Sunday, December 20, 2009


I thought I'd put in a plug for my friend Mark Law's book about Judo, The Pyjama Game. When I went to check the URL of his website, I noticed this review:

The literary genre “neophyte learns a martial art” is getting somewhat crowded, but Law’s likeable and stylish entry deserves a place on the mat.

"Neophyte learns a martial art" is a crowded literary genre? I had no idea. Anyone want to tell me where to find the rest of these books?

Anyway, I liked Mark's book very much. I particularly enjoyed the third chapter, which is relevant to anyone involved in the martial arts. "If there is some chemical compound," Mark writes,

called aggression sluicing around our systems, and it is A Bad Thing, then surely we need to have some way of disposing of this hazard before it starts burning holes in the fabric of society? In fact we have a number of methods; one of them is called sport.

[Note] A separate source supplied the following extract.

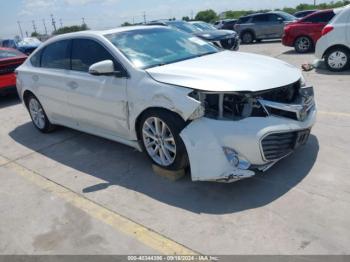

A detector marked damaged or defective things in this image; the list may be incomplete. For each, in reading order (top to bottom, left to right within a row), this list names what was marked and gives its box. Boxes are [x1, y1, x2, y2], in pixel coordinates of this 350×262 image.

This seems intuitively obvious to me, almost so much so as to be hardly worth saying. Yet it seems to be remarkably shocking to many people when I say just this.

1 comment:

  1. I liked Iron and Silk by Mark Salzman when I read it 20 years ago. I haven't read it since, so I've no idea if it aged well, but it's still in print. Bruce Frantzis gives something of a chronicle of his own adventures in The Power of Internal Martial Arts, but that's not the main focus of the book. I guess Herrigel's Zen in the Art of Archery is the progenitor of the genre.